Under basic parliamentary procedure, Board Members likely have the authority to strip Sorensen of his Chair position. As he has only been charged with federal crimes, and not convicted, it is perhaps premature for moves to strip him of his position as a member of the Board, which is elected by the voters.
It is entirely within the powers of the Board Members, however, to allow Sorensen to remain in the powerful position of Board Chairman.
There is some precedent for stripping Sorensen of his Chairmanship. In 2011, the Board stripped a member of all of his committee assignments after he had been charged with domestic abuse. At the time, Sorensen said that the member’s conduct was a “distraction” for the other members and overshadowed the board’s work.

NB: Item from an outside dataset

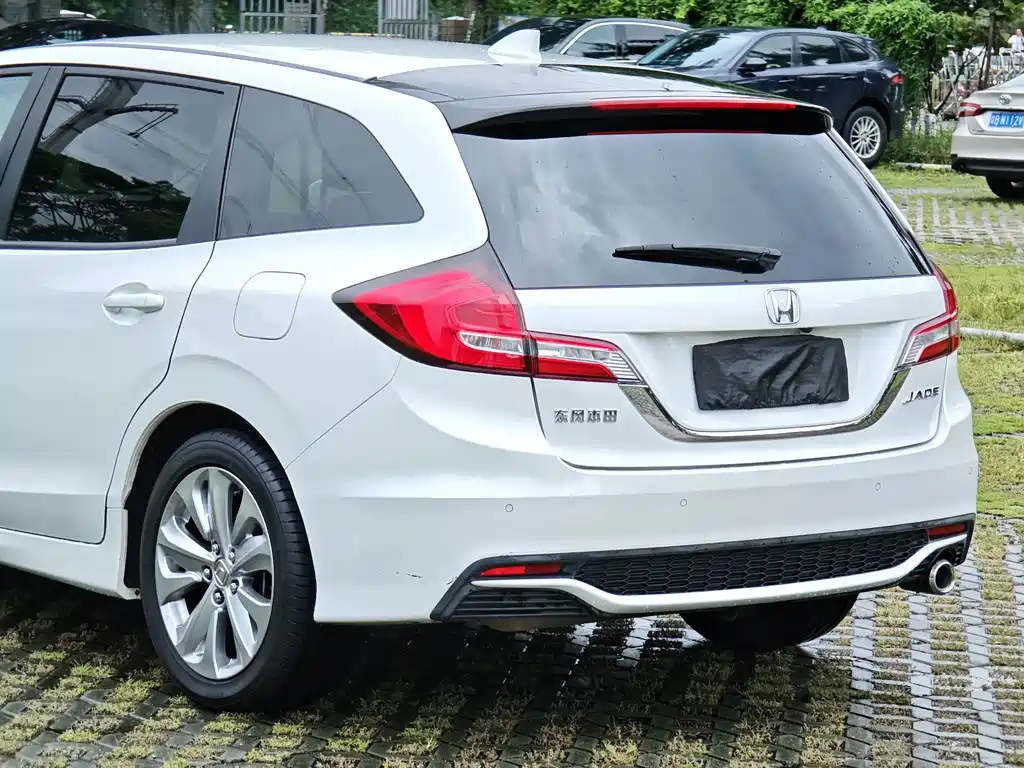 Honda Jade — миниатюра 15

Also in 2011, another Board member was stripped of his Vice-Chair position after he was given a citation for driving with a suspended license. That member remains on the Board, although he is no longer Vice Chair.
Sources have told Breitbart News that board members have explored easy legal options in the Sorensen matter, but are reluctant to push Sorensen out of the Chair position.
Chambers, who as District Attorney is the lead prosecutor in the county, told the Pantagraph that Sorensen “has done a solid job as our County Board chairman and I regret that actions unrelated to that have had an impact.”
While a skeptic may question whether or not an eight-count federal indictment for fraud is really an unrelated matter in evaluating a public official’s actions, it isn’t known if the conduct was in fact unrelated.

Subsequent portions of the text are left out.